(Stored items from a collection)

⟨

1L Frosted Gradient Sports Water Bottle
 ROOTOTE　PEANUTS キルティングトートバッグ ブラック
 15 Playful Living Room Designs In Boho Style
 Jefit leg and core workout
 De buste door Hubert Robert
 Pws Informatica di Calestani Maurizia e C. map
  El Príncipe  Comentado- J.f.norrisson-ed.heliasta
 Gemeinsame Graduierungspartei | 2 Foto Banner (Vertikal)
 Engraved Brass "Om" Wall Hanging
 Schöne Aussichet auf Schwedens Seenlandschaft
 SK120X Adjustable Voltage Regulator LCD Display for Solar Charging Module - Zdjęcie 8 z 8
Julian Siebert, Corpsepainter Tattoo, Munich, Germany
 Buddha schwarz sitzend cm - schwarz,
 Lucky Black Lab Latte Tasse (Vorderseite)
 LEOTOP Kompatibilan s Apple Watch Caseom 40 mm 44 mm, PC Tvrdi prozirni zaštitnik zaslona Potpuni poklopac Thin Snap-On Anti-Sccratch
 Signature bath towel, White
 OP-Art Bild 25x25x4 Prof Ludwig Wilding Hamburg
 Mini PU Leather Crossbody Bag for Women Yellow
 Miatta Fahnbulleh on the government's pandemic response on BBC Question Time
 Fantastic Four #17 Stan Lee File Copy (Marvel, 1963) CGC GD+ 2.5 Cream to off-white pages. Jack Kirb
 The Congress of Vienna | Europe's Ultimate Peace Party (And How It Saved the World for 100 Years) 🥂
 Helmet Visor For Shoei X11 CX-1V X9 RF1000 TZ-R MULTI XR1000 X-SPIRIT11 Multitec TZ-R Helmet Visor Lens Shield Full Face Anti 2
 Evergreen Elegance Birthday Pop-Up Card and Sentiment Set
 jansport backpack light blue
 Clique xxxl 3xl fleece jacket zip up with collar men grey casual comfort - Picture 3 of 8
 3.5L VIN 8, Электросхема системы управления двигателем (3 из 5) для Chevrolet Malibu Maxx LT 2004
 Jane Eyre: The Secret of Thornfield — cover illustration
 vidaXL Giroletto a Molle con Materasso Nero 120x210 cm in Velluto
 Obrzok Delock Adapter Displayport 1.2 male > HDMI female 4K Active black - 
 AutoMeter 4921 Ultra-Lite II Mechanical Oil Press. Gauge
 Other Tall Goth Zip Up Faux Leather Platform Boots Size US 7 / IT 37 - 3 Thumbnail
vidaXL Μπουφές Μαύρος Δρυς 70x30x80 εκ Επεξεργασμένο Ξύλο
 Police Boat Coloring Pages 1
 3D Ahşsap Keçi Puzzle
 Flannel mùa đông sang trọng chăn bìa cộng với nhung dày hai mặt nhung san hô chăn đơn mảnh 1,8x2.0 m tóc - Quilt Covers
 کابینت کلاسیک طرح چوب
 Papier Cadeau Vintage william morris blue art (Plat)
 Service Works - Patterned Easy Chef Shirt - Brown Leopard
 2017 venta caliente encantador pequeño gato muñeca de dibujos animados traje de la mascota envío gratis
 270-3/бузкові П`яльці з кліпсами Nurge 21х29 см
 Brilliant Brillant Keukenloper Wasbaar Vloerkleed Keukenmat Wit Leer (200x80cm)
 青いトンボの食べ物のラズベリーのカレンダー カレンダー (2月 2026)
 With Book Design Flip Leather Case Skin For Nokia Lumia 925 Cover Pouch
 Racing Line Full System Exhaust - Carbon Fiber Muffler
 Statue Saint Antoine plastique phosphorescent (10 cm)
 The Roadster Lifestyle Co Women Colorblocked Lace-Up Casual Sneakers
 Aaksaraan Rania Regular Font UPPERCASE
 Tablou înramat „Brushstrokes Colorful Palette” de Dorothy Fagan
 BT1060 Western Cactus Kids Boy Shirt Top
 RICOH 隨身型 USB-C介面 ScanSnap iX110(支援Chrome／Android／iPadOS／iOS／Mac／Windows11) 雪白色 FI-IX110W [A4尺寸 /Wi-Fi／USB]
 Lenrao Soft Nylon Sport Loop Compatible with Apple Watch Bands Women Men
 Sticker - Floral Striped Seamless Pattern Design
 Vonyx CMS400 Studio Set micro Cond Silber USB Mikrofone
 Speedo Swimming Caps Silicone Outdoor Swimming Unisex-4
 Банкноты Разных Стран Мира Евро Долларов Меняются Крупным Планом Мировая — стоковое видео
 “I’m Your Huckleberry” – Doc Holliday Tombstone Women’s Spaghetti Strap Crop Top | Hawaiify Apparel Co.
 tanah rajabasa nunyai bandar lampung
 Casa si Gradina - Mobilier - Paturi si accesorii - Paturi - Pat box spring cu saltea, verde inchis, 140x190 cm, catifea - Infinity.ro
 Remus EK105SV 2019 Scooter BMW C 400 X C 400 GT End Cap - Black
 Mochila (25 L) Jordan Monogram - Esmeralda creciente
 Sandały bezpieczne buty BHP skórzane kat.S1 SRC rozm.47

⟩

(Exercise)
When the line with "Signature bath towel, White" is reached in the data above, start copying there, and copy each line exactly until the line with "Tablou înramat „Brushstrokes" has been copied; copy nothing else.

(Output of the exercise)
 Signature bath towel, White
 OP-Art Bild 25x25x4 Prof Ludwig Wilding Hamburg
 Mini PU Leather Crossbody Bag for Women Yellow
 Miatta Fahnbulleh on the government's pandemic response on BBC Question Time
 Fantastic Four #17 Stan Lee File Copy (Marvel, 1963) CGC GD+ 2.5 Cream to off-white pages. Jack Kirb
 The Congress of Vienna | Europe's Ultimate Peace Party (And How It Saved the World for 100 Years) 🥂
 Helmet Visor For Shoei X11 CX-1V X9 RF1000 TZ-R MULTI XR1000 X-SPIRIT11 Multitec TZ-R Helmet Visor Lens Shield Full Face Anti 2
 Evergreen Elegance Birthday Pop-Up Card and Sentiment Set
 jansport backpack light blue
 Clique xxxl 3xl fleece jacket zip up with collar men grey casual comfort - Picture 3 of 8
 3.5L VIN 8, Электросхема системы управления двигателем (3 из 5) для Chevrolet Malibu Maxx LT 2004
 Jane Eyre: The Secret of Thornfield — cover illustration
 vidaXL Giroletto a Molle con Materasso Nero 120x210 cm in Velluto
 Obrzok Delock Adapter Displayport 1.2 male > HDMI female 4K Active black - 
 AutoMeter 4921 Ultra-Lite II Mechanical Oil Press. Gauge
 Other Tall Goth Zip Up Faux Leather Platform Boots Size US 7 / IT 37 - 3 Thumbnail
vidaXL Μπουφές Μαύρος Δρυς 70x30x80 εκ Επεξεργασμένο Ξύλο
 Police Boat Coloring Pages 1
 3D Ahşsap Keçi Puzzle
 Flannel mùa đông sang trọng chăn bìa cộng với nhung dày hai mặt nhung san hô chăn đơn mảnh 1,8x2.0 m tóc - Quilt Covers
 کابینت کلاسیک طرح چوب
 Papier Cadeau Vintage william morris blue art (Plat)
 Service Works - Patterned Easy Chef Shirt - Brown Leopard
 2017 venta caliente encantador pequeño gato muñeca de dibujos animados traje de la mascota envío gratis
 270-3/бузкові П`яльці з кліпсами Nurge 21х29 см
 Brilliant Brillant Keukenloper Wasbaar Vloerkleed Keukenmat Wit Leer (200x80cm)
 青いトンボの食べ物のラズベリーのカレンダー カレンダー (2月 2026)
 With Book Design Flip Leather Case Skin For Nokia Lumia 925 Cover Pouch
 Racing Line Full System Exhaust - Carbon Fiber Muffler
 Statue Saint Antoine plastique phosphorescent (10 cm)
 The Roadster Lifestyle Co Women Colorblocked Lace-Up Casual Sneakers
 Aaksaraan Rania Regular Font UPPERCASE
 Tablou înramat „Brushstrokes Colorful Palette” de Dorothy Fagan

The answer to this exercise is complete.